Nuno Tibiriçá

Nos derradeiros dias da janela de transferências de verão da temporada 2021/2022, uma única notícia tomava conta dos bastidores futebolísticos: após 12 anos, o Manchester United anunciava o retorno de Cristiano Ronaldo, aplicando um “chapéu” no rival Manchester City. Com seguidas temporadas de frustrações na bagagem, os torcedores dos Red Devils pareciam finalmente ver uma época de glória no caminho. Até agora, no entanto, a expectativa não se concretizou, e a pressão aumentou ainda mais após a derrota histórica frente ao Liverpool por 5 a 0 em pleno Old Trafford no último domingo (24).

A inconsistência da equipe treinada por Ole Gunnar Solskjaer já gera desconfiança na Inglaterra desde o início da temporada. Apesar de ter tido um bom começo na Premier League, o United vem colecionando alguns fracassos na época, como a derrota para os suíços do Young Boys na Liga dos Campeões e a eliminação para o West Ham na terceira fase da Copa da Liga Inglesa. Mesmo no campeonato, os reds sofreram derrotas contundentes nas últimas rodadas, como o 4 x 2 contra o Leicester City e o revés em casa com o Aston Villa por 1 x 0. Turbinado por contratações de impacto como o próprio Ronaldo, além de Jadon Sancho e Raphael Varane, que se juntaram ao já superestrelado elenco que conta com Bruno Fernandes, Pogba, Cavani, entre outros, os torcedores já escolheram o culpado pela má fase da equipe: o treinador norueguês.

Na saída do intervalo no clássico com o Liverpool, que vencia o jogo por 4 x 0, os gritos de “Ole, out!”, já ecoavam no Old Trafford, historicamente apelidado pela mídia e pelos próprios torcedores de Teatro dos Sonhos, mas que proporcionava mais um pesadelo para os fãs do United. Salah e companhia protagonizavam um show por parte da equipe de Jurgen Klopp, e os jogadores do Manchester pareciam cada vez mais irritados e desorientados, com Cristiano Ronaldo correndo o risco de ser expulso no final da primeira etapa, após agredir Alexander-Arnold. No segundo tempo, Salah ainda marcou mais um para o Liverpool, que depois só administrou a humilhação na casa do rival, e ainda viu Pogba ir embora mais cedo após entrada dura em Robertson.

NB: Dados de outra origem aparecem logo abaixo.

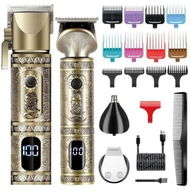 Detailed information about the product Hair Clipper and T-Blade Trimmer Set for Men, Cordless Rechargeable Barber Clipper Beard Nose Hair Trimmer Multipurpose Grooming Kit LED Display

Elenco estrelado e falta de futebol parece parte de um ciclo sem fim para o Manchester United desde a saída do ex-treinador Alex Fergunson em 2013. O escocês fez história no clube pelos títulos e período longevo: foram nada mais nada menos que 37 anos no comando da equipe, uma lenda para os torcedores. Após sua aposentadoria, a então direção do clube arriscou no seu conterrâneo David Moyes, que durou apenas um ano no cargo. Nas temporadas seguintes, apostou em nomes mais badalados, primeiro com Louis Van Gaal e depois com José Mourinho.

Apesar de investimento alto em grandes craques do futebol mundial no decorrer da década, os resultados não vieram. Com Van Gaal, que vinha de uma grande Copa do Mundo no comando da seleção holandesa em 2014, o clube investiu em nomes como Falcão Garcia, Ander Herrera, Dí Maria e Mephis Depay. Já com Mourinho, chegaram reforços da estirpe de Pogba, Ibrahimovic, Martial, entre outros. Mesmo com os milhões de euros investidos, a equipe seguiu sem vencer a Premier League desde a saída de Fergunson, e teve como maior glória em todo esse período o título da Liga Europa em 2016-2017, ainda sob o comando do português: muito pouco para um time com o peso do Manchester United.

Saída próxima

Após o vexame da última rodada, a panela de pressão que ronda uma das maiores equipes da Inglaterra está cada vez mais próxima de explodir, e a permanência de Solskjaer parece já ser insustentável. Neste sábado (30), seus comandados visitam o Tottenham, do português Nuno Espírito Santo, em Londres, no duelo que pode ser sua última chance enquanto treinador do clube no qual foi ídolo na época de jogador.

A espera do pior cenário, os torcedores do United nas redes sociais já especulam a chegada de um novo técnico e dois nomes livres no mercado surgem como os mais cotados: Antonio Conte, campeão da Serie A com a Internazionale na última temporada, e Zinedine Zidane, multicampeão pelo Real Madrid.

É bem verdade que uma vitória sobre os Spurs pode dar uma sobrevida para Solskjaer no comando do time. No entanto, em caso de mais um revés no embate com os londrinos, resta saber se a direção vai enfim ceder à pressão e dispensar o atual treinador, e mais: se um possível novo nome escolhido será capaz de finalmente colocar ordem na casa em Old Trafford. Dinheiro, estrelas, camisa e apoio não faltarão no lado vermelho de Manchester.